Apakabarkampus.com – Benarlah apa yang dikemukakan seniman Austria, Franz Kafka bahwa buku harus menjadi kampak untuk menghacurkan lautan beku di dalam diri manusia. Adapun lautan beku yang dimaksudnya adalah kebodohan manusia. Tak heran kalau Program for International Student Assessment (PISA) pada 2009 menunjukkan Indonesia menempati urutan ke-57 dari 65 negara di dunia yang kemampuan membacanya masih rendah. Padahal, UU Sisdiknas No. 20 Tahun 2003 menegaskan Pasal 4 Ayat 5 bahwa pendidikan diselenggarakan dengan mengembangkan budaya membaca, menulis dan berhitung.

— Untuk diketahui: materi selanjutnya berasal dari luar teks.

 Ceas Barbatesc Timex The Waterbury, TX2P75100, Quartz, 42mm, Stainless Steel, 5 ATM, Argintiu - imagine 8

Kalau minat baca rendah, maka pasti ada efek domino setelahnya. Contohnya, anak-anak akan lebih gemar menonton. Sahabat mereka bukan lagi buku, tapi televisi. Dan satu hal yang pasti terjadi, mereka lebih memilih menghabiskan waktunya di depan TV sekitar empat hingga lima jam perhari atau sekitar 30 hingga 35 jam dalam sepekan daripada membaca di perpustakaan. Artinya, setahun anak-anak kita menonton televisi sekitar 1.600 jam. Padahal kata pepatah, buku itu gudangnya ilmu pengetahuan. Dan, perpustakaan gudangnya buku. Artinya perpustakaan itu “maha gudangnya“ ilmu. Tapi coba kita seksamai kondisi perpustakaan sekarang betul-betul menjadi gudang ilmu. Kondisinya memang persis gudang, berantakan dan berdebu. Ironisnya, minim pengunjung dan lebih tepat dijuluki “Museum buku”. Inilah fenomena perpustakaan yang terjadi. Termasuk di sekolah-sekolah.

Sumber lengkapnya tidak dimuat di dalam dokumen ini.